Prophylaxis heparin is debatable since there are no randomized studies proving its efficacy in preventing thromboembolic complications during severe OHSS. Although, heparin was given, thromboembolism was reported in some patients. Besides, the timing for administration is undetermined. Some favor maintaining heparin therapy for at least 4 weeks and even during the whole first trimester of pregnancy, others suggest before the appearance of OHSS symptoms [6]. However, this should be applied to patients with known preexisting thrombophilic factors. In this case, she was treated without heparin at outside district clinics and due to no known history of thrombophilic factors.
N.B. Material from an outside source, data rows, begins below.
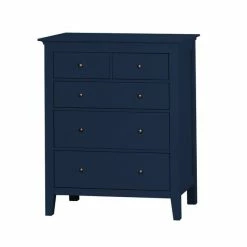 Dunelm Lynton 5 Drawer Chest -furniture Shop 30764179 alt05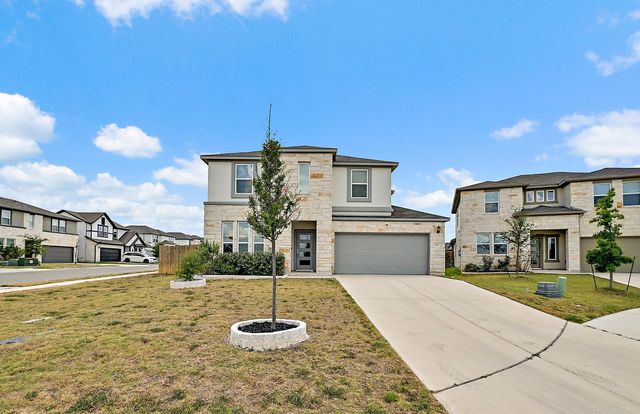 101 Tripoli Cv, Liberty Hill, TX 78642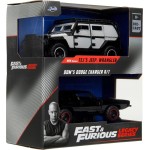 Jada Toys Fast & Furious Twin Pack 1:32 Wave 2/2 Tejs Jeep Wrangler And Doms Dodge 253202014 4006333084249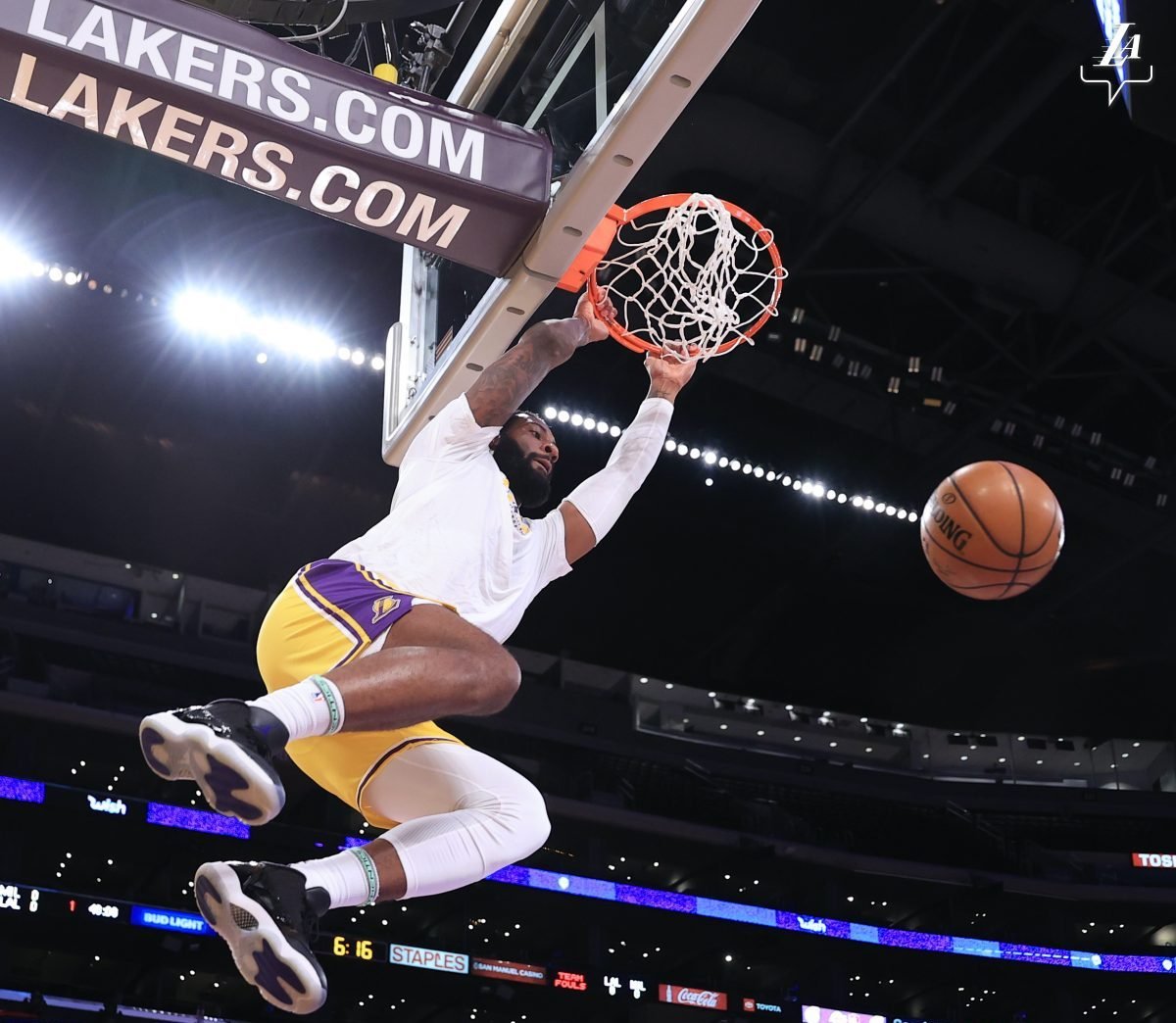 Lakers injury report 3 players out; Andre Drummond, Wesley Matthews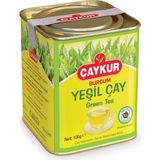 Çaykur Burcum 100 Gram Yeşil Çay Doğal ve Katkısız Ferahlatıcı Lezzetli İçerik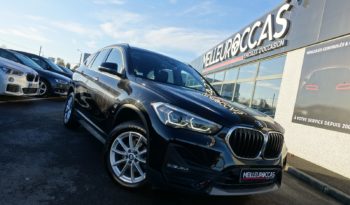 BMW X1 16 D S-DRIVE 116 CH PHASE 2 complet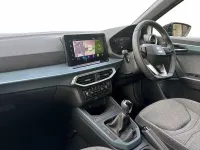 New Seat Arona Xperience 2026 Glacial white with black roof SUV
Evaluation of antithrombin III, protein C, protein S, and mutation of Factor V, II and MTHFR genes should be performed for patients with a personal and family history of thromboembolic episodes or previous OHSS [6]. The prevention and treatment of OHSS should be individualized or standardized which are still controversial [12,14]. However, early identification of OHSS and thromboembolic risk factors is helpful for prevention and management of thromboembolic events occurring in critical OHSS.


Since ARTs are used much more common for infertility in recent days. Early diagnosis and hospitalization for those rare serious OHSS to prevent further catastrophic or life-threatening complications including the thromboembolic stroke is necessary.